April 06, 1986|EVELYN De WOLFE

Recently, Maguire/Thomas Partners held a dinner party at the lavish Rex restaurant for brokers who handled transactions at Crocker Center in 1985, and honored them with crystal statuettes depicting the Crocker Center's twin towers, set in a base of the same granite used on the shell of the buildings.

During the leasing period, Maguire/Thomas Partners at first used an off-site marketing center that overlooked the property, then built an on-site center, which permitted the dramatic drawing-of-the-curtain presentation ritual in posh surroundings equipped with the latest audio-visual equipment and a sampling of furnishings and architectural models.

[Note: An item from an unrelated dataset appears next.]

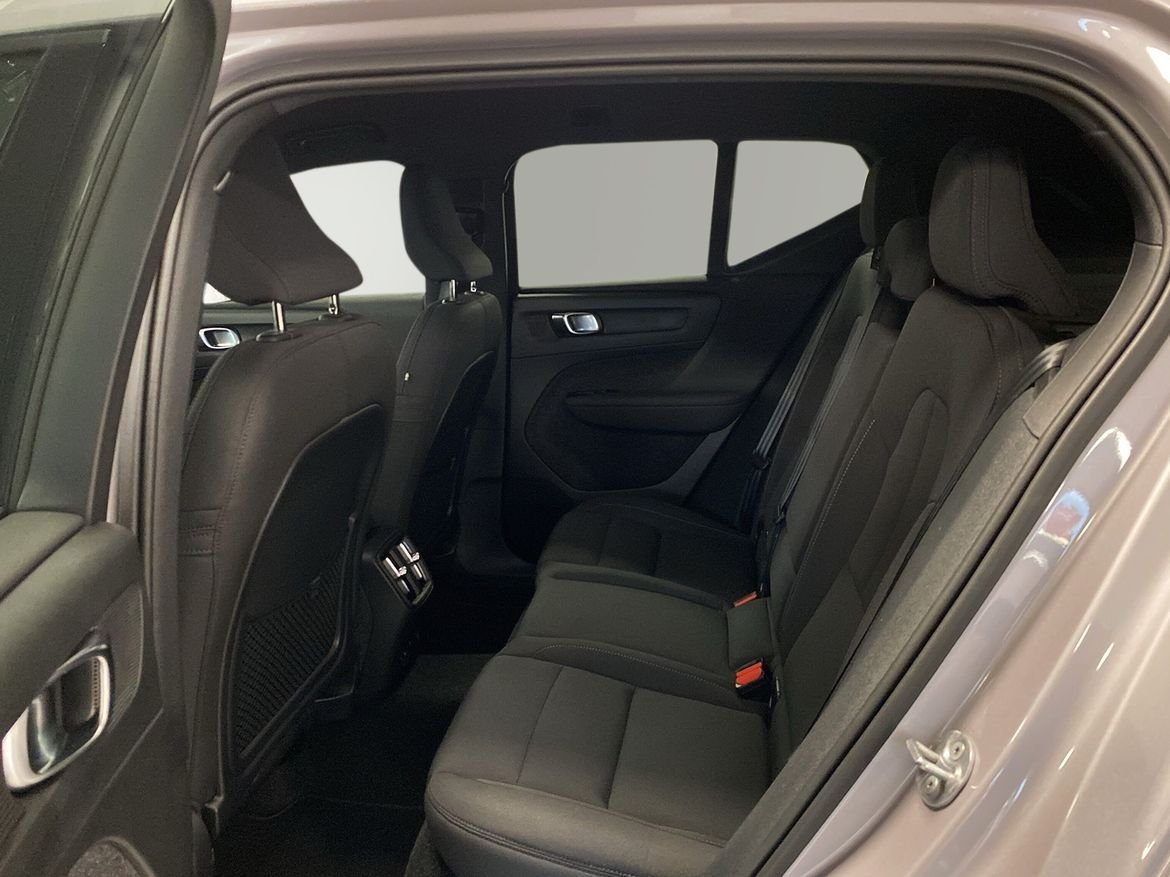 Volvo EX40 Extended Range Plus 2026, bild 7/10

Luncheons aimed at bringing together and pitching to the brokerage community hit a peak recently when Miller-Klutznick-Davis-Gray Co. and 20th Century Fox, developers of the 34-story, 649-square-foot Fox Plaza Building in Century City, hosted a lavish event on the movie set of "Big Trouble in Little China" on the Fox lot.

Expensive but Crucial

The purpose, of course, was to acquaint the brokers with their new Moderne Fox Plaza office complex with architecture by Pereira Associates that is essentially a prismatic form designed to create a strong vertical presence.

William H. Hammerstein, president of Search Builders Inc., which has high-rise projects and research-and-development office parks in San Diego, Los Angeles (the Wilshire Brentwood Plaza), Milpitas and Burlingame, is another firm believer in the effectiveness of marketing centers.

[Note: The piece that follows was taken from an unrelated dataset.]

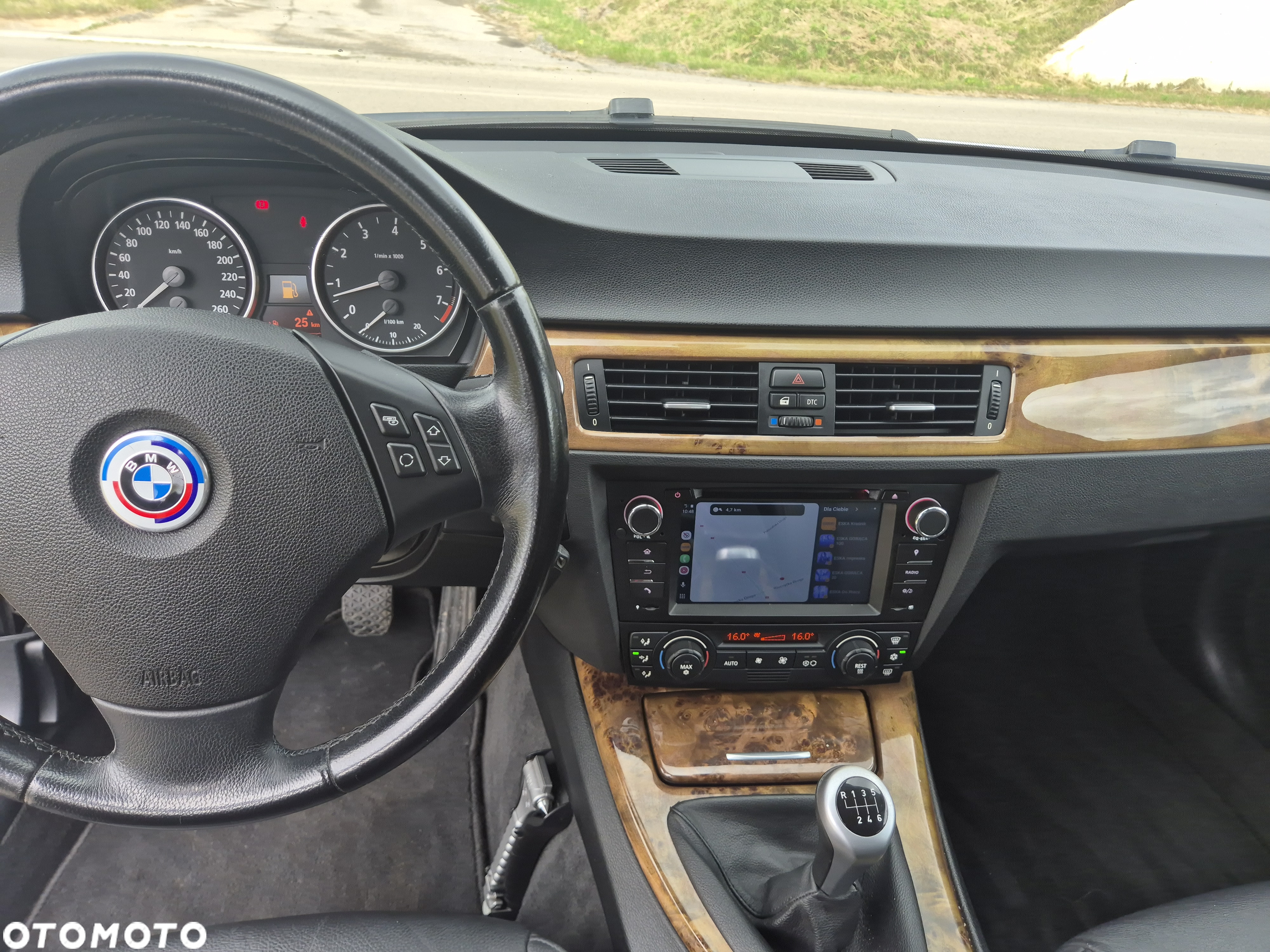 BMW Seria 3 325i Touring - 16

"They are expensive but they can be a crucial marketing tool. We are currently building such a center on the upper floor of one of three buildings in our Bay Park Plaza complex in Burlingame," Hammerstein said.

"A center that overlooks the site or is part of the project, is ideally what we strive for in making our presentation to clients, and it allows them to relate more directly to what we are trying to create for them. We also find that brokers use them a lot and also appreciative having the support of a sophisticated environment and presentation available to them.

Assist the Brokers

"In the business of leasing, the broker is king."

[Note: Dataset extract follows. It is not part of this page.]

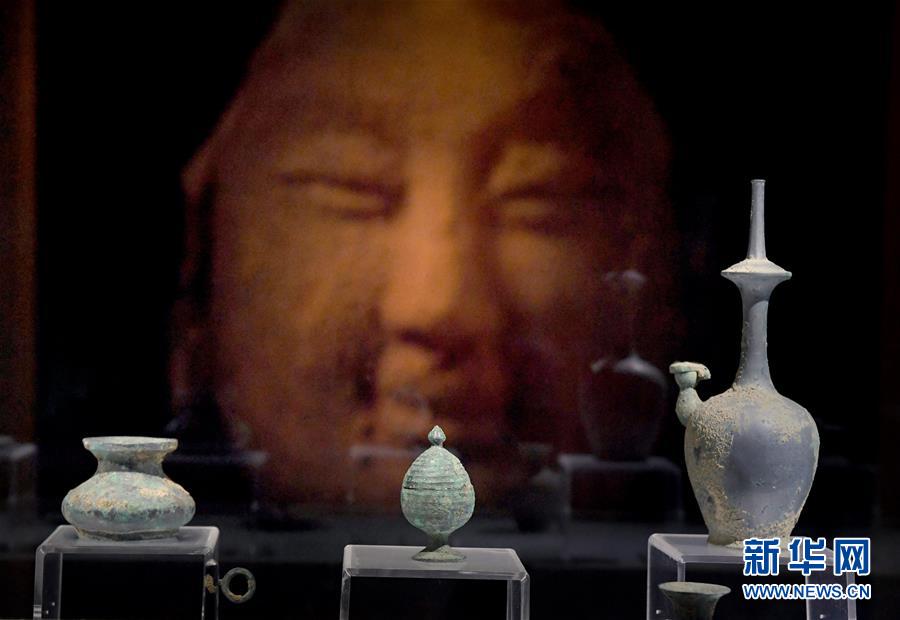 这是洛阳龙门博物馆陈列的展品。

"We try to assist by always holding broker openings and keeping them abreast of our development through newsletters and by direct contact. When it comes to dealing with space needs and price negotiation, a broker can make or break a deal. I know, I've been there," said Hammerstein, a former Coldwell Banker broker.

Gregg Gann, vice president and Westside district manager for Grubb & Ellis, a veteran of commercial leasing on the Westside, had another view.

"It is a highly competitive area, where many buildings are already completed." he said. "In those cases, marketing information centers aren't that much help. A prospective tenant would rather walk through a completed building.

"Shoe leather can accomplish a lot more."